**Work order:** Output all of the data exactly as it appears, but leave out any pictures it contains.

*** Supplied data ***

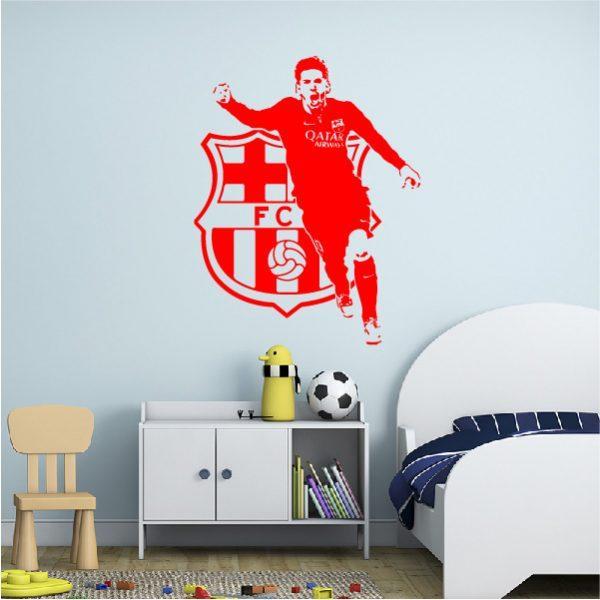 Leo Messi Soccer Players FC Barcelona. Wall Sticker. Red color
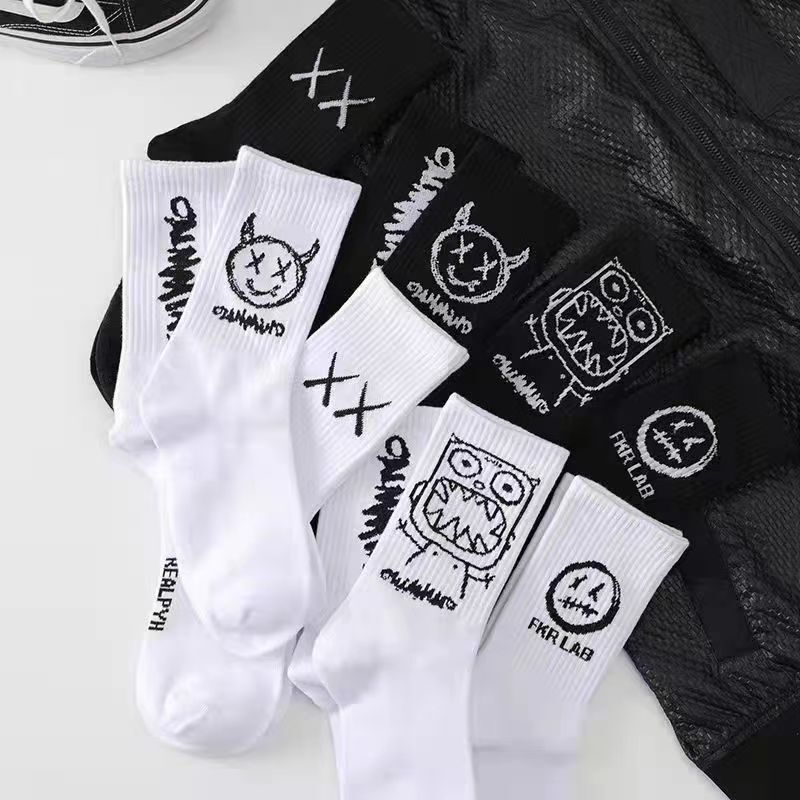 European and American ins Korean style grimace tide socks mid-hose hip hop barb couple men's and women's socks waist flower fruit brand black and white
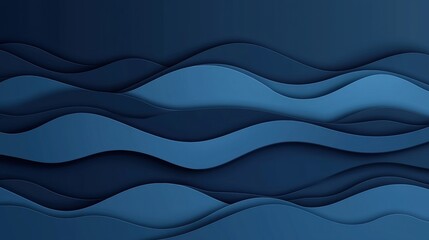 Fototapeta premium Abstract Waves in Deep Blue Tones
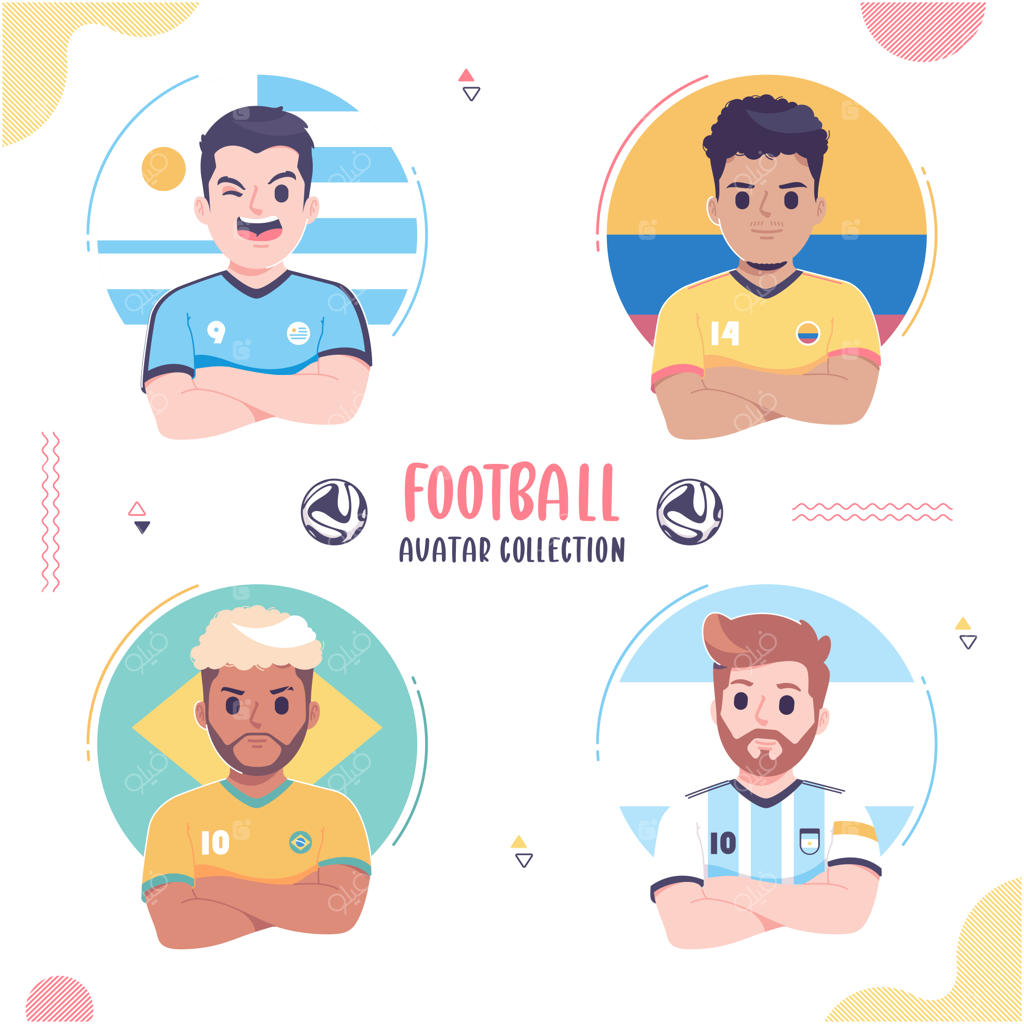 مجموعه طراحی آواتار بازیکنان معروف فوتبال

*** End of Supplied data ***

**Answer to this exercise:**
 Leo Messi Soccer Players FC Barcelona. Wall Sticker. Red color
 European and American ins Korean style grimace tide socks mid-hose hip hop barb couple men's and women's socks waist flower fruit brand black and white
 Fototapeta premium Abstract Waves in Deep Blue Tones
 مجموعه طراحی آواتار بازیکنان معروف فوتبال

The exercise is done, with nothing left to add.